Il dubbio di Dante è il metodo scelto dal poeta per mettere in evidenza in modo nettissimo il significato e la funzione che egli attribuiva alla propria opera in stretto collegamento con la sua vicenda personale di esule. Cacciaguida spiega le ragioni della condanna, illustra le esperienze dei primi tempi d'esilio, l'orgoglioso far parte per stesso, fino all'accoglienza a volte generosa (Bartolomeo della Scala) a volte umiliante:
«Tu proverai sì come sa di sale
lo pane altrui, e come è duro calle
lo scendere e 'l salir per l'altrui scale.»
Da questo racconto, nella forma cara a Dante della "profezia post eventum" emerge la figura austera del poeta che, escluso da ogni possibilità di intervenire nel concreto delle vicende politiche ma rivestito di dignità super partes proprio per la sua condizione di esule, è chiamato ad essere testimone di verità. Il dubbio sull'opportunità di un messaggio poetico troppo severo e sgradito ai potenti induce Cacciaguida a consacrare l'opera del poeta come vital nodrimento per chi la leggerà.

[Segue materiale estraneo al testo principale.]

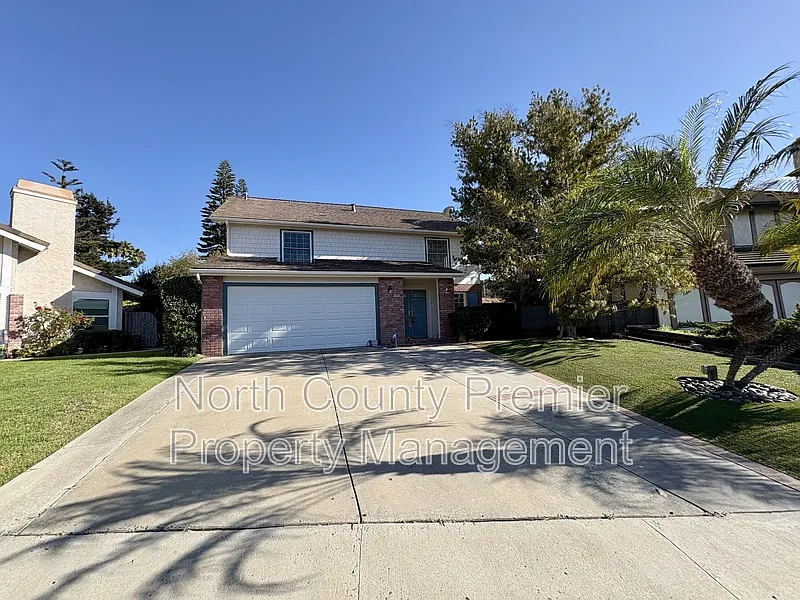 4 bed, 2.5 bath, 1988 sqft, $5,295 — Photo 3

Questo significato altamente morale della Commedia non si comprenderebbe se Dante non fosse certo che per l'umanità sviata è possibile il ravvedimento. La profezia del cambiamento sarà confermata da san Pietro nel canto XXVII (vv.142-148) e anche in quel contesto il compito di Dante sarà severamente riaffermato (e non asconder quel ch'io non ascondo vv. 64-66). Ma lo stesso Cacciaguida pronuncia un solenne preambolo (vv.37-45) volto a consacrare le affermazioni successive sotto il sigillo della verità che procede da Dio.